**RECORDED DATA:**
· · · ·

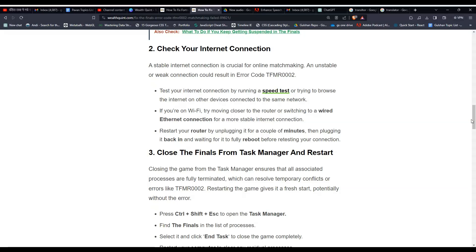If you are on Wi-Fi, try moving closer to the router or switching to a wired internet connection for a more stable connection. Restart your router by unplugging it for a couple of minutes, then plugging it back in and waiting for it to fully reboot before restarting your connection.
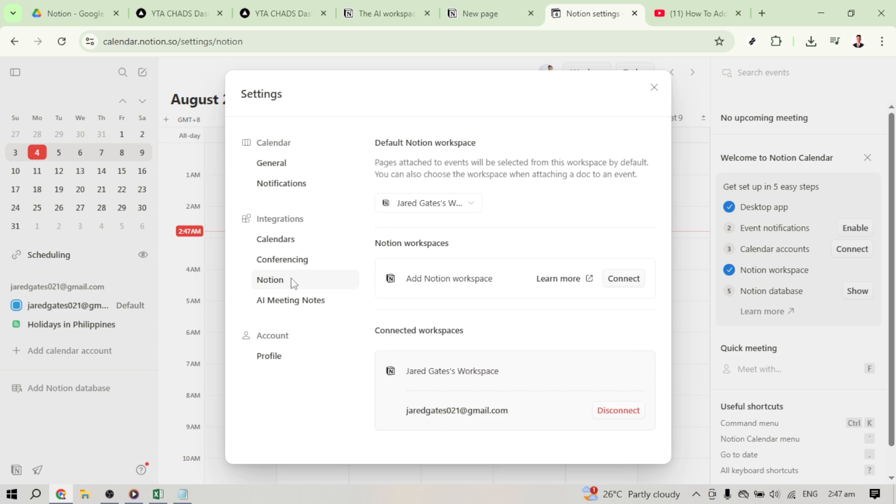In the integration section, when you find it, you'll see an option to select Notion. Go ahead and select Notion to prepare your calendar for database integration.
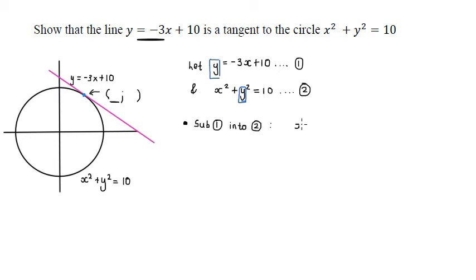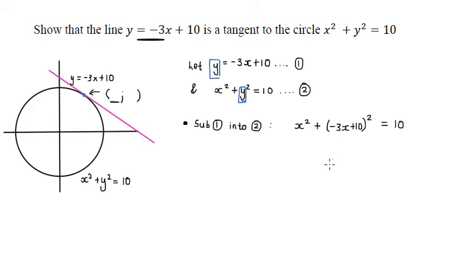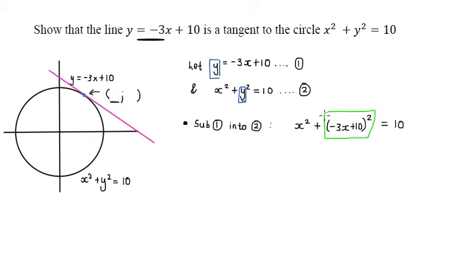When we do the substitution, we get: x² + (-3x + 10)² = 10. We now have an equation purely in terms of x, which is good because we only have one variable to solve for. The algebra we now need to deal with is expanding this binomial squared that we just created.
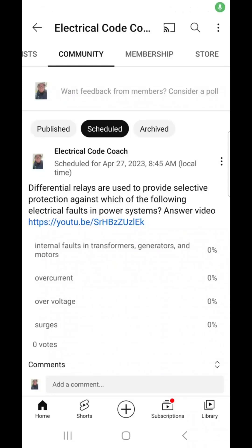Good morning everyone and welcome back. I am the Electrical Code Coach and this is the electrical question of the day. Differential relays are used to provide selective protection against which of the following electrical faults in a power system?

· · · ·

**BRIEF:**
Type the listing above out again exactly, and omit all pictures.

**TASK RESULT:**
If you are on Wi-Fi, try moving closer to the router or switching to a wired internet connection for a more stable connection. Restart your router by unplugging it for a couple of minutes, then plugging it back in and waiting for it to fully reboot before restarting your connection.
In the integration section, when you find it, you'll see an option to select Notion. Go ahead and select Notion to prepare your calendar for database integration.
When we do the substitution, we get: x² + (-3x + 10)² = 10. We now have an equation purely in terms of x, which is good because we only have one variable to solve for. The algebra we now need to deal with is expanding this binomial squared that we just created.
Good morning everyone and welcome back. I am the Electrical Code Coach and this is the electrical question of the day. Differential relays are used to provide selective protection against which of the following electrical faults in a power system?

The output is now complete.